Pouvoir déclencher des activations ou inhibitions de l’extérieur (par la stimulation transcrânienne) permettrait d’établir de « réelles causalités » nous dit Serra au chapitre 3, p. 95. Mais s’il y a bien processus causal, l’interprétation de ce processus est-elle pour autant donnée par là même ? Serra expose clairement le problème de l’inférence inverse (on distingue les aires neuronales en plaquant sur leurs activités des catégories de fonctions psychologiques, et on interprète les résultats d’imagerie en s’appuyant de manière circulaire sur cette correspondance), et quelques tentatives de solution, dont il esquisse une critique : considérer des réseaux d’activations, recourir à l’abduction, ou adopter une approche cohérentiste. Mais on peut renforcer la critique pour les réseaux, dans quel sens sont parcourus ces circuits ? L’abduction est trop peu contrainte. Si retrouver la cohérent requiert de réviser drastiquement d’autres croyances, exiger des enquêtes indépendantes et « instructives » (concept lui-même sujet à inférence inverse) ne semble pas suffisant. Ce problème de l’inférence inverse est cependant d’autant plus atténué que l’on croise des perspectives conceptuelles qui ne sont pas a priori convergentes.

Serra analyse aussi les diverses critiques des économistes, infraction au dogme des préférences révélées, ou inversement modifications à la marge par rapport aux modèles classiques amendés via la psychologie expérimentale. Il envisage la possibilité que ce qui résiste de ces modèles soit renforcé par la neuroéconomie qui pourrait montrer qu’en dévier revient à un fonctionnement neuronal « pathologique » (p. 189). Mais dans ce cas on retrouverait le problème précédent : le contenu de ce supposé pathologique pourrait évoluer en fonction d’un approfondissement de l’idée de rationalité.

Le chapitre 4 propose un bilan positif des travaux de neuroéconomie : rôle des émotions et en particulier du regret, aversion plus forte à l’ambiguïté qu’à l’incertitude (qui diffère selon qu’elle est anticipée ou non), émotion sociale positive procurée par l’action de donner, analyse plus précise des différents composants d’une décision, qui peut impliquer des anticipations des actions liées à son exécution ou encore à la consommation de la récompense, et bien sûr déclencher une dynamique d’apprentissage quand la consommation s’avère différente de l’anticipation. Le processus de choix lui-même peut donc être biaisé (p. 186), et le rapport entre des choix orientés par les actions et des choix plus abstraits reste à creuser.

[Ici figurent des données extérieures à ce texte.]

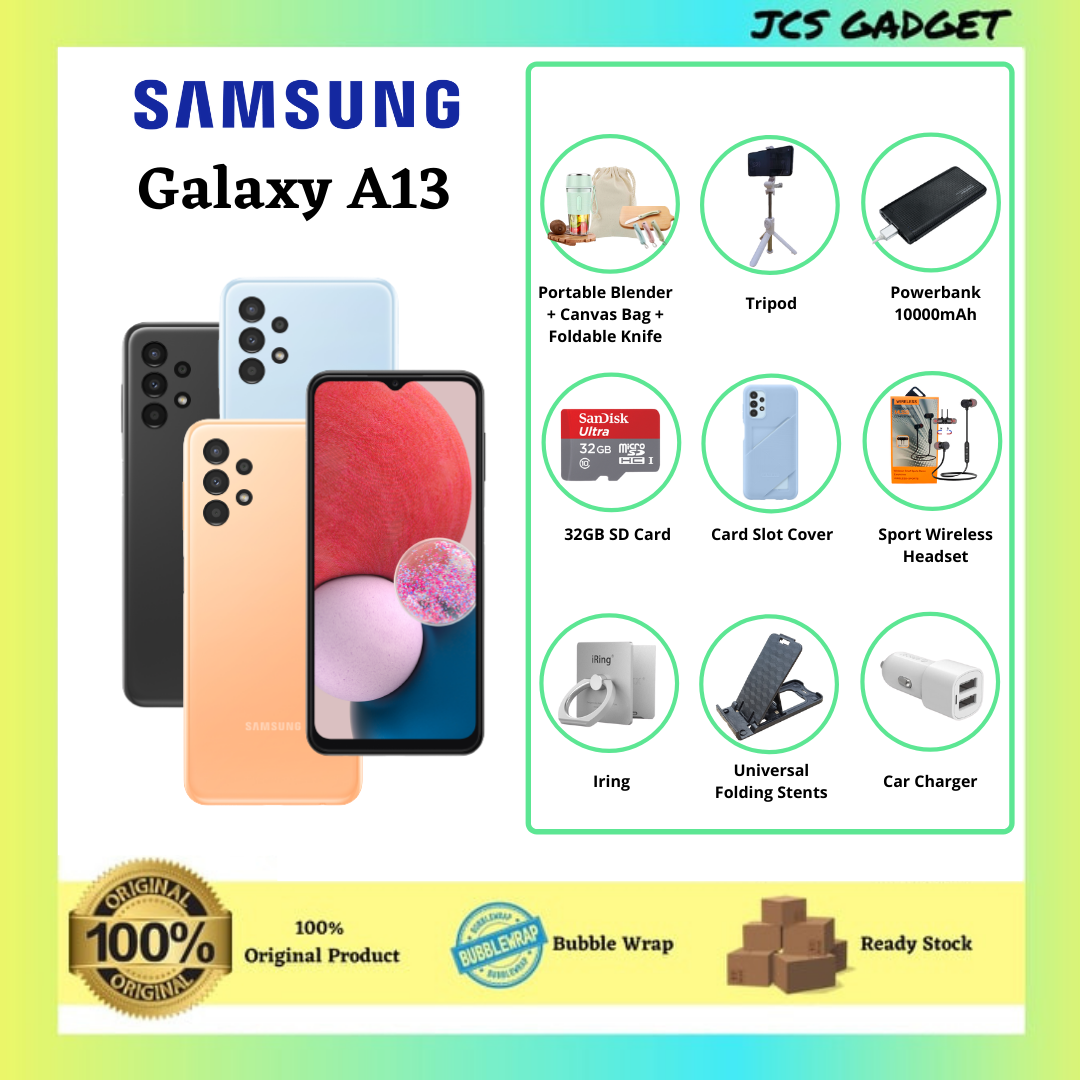 Samsung Galaxy A13 Price in Malaysia & Specs RM685 TechNave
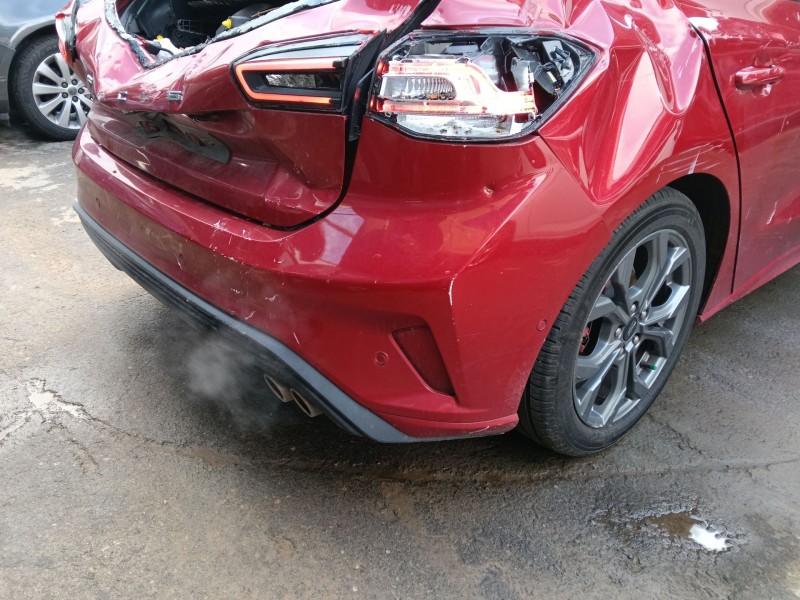 Recambio de paragolpes trasero para ford focus iv (hn) 1.0 ecoboost mhev referencia OEM IAM   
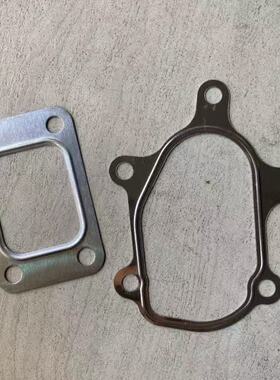 四缸机通用4102增压器垫片接口垫密封垫云内4110朝柴扬柴玉柴4108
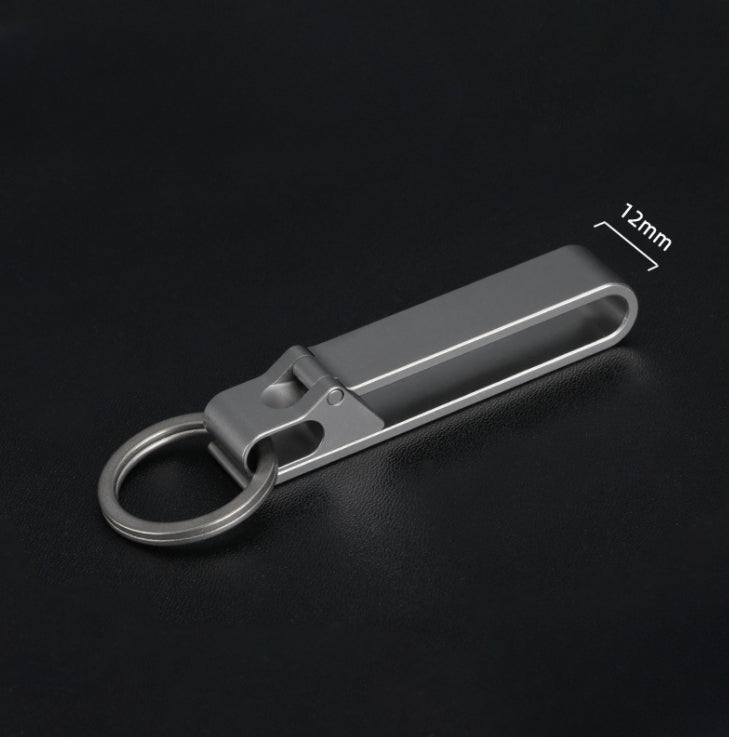 Titan Clip Elite High-end Men's Key Holder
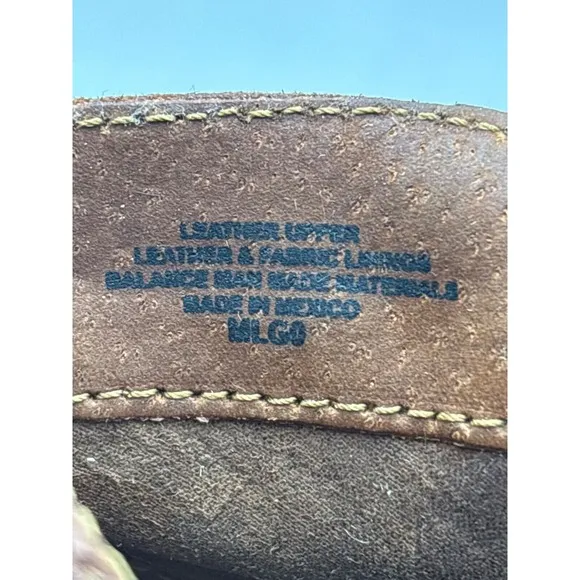 Born Boots Womens 9.5 Tarklin Ankle Booties Brown Glazed ginger Distressed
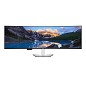 Preview: DELL UltraSharp U4924DW Computerbildschirm 124,5 c hinten
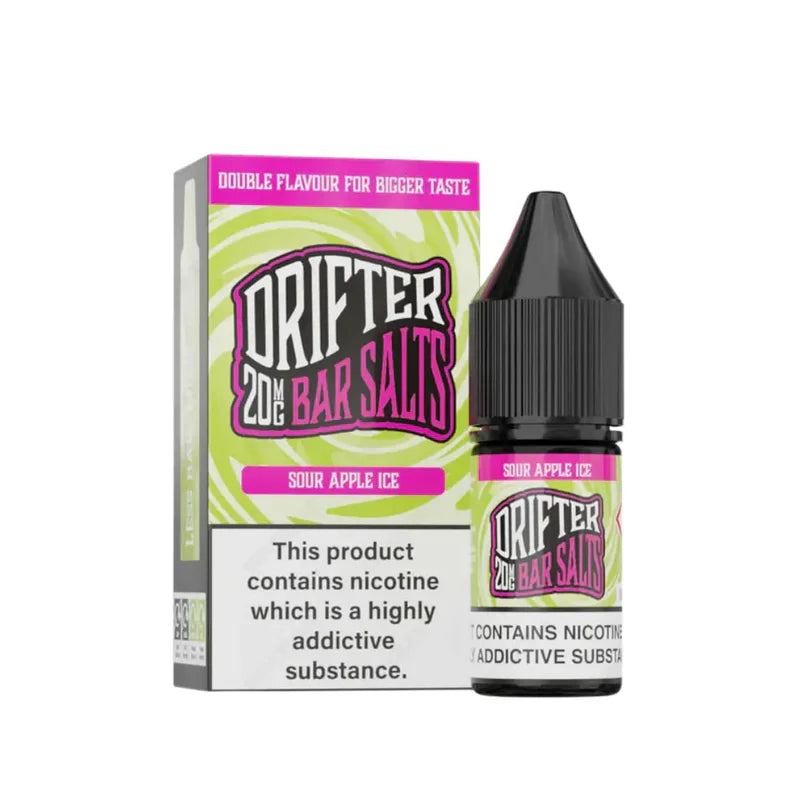 Drifter Nic Salt E-liquid 10ML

Il s’agit donc d’un livre qui donne une multitude d’informations, tant neurologiques que neuroéconomiques ou d’économie expérimentale (en particulier il passe en revue bon nombre de protocoles de jeux (ultimatum, confiance, avec humains, avec machine, etc.) et qui ne masque pas les problèmes tant expérimentaux que théoriques que rencontre la neuroéconomie, tout en montrant que ses perspectives restent attractives et qu’elles ouvrent de nouveaux débats épistémologiques en économie.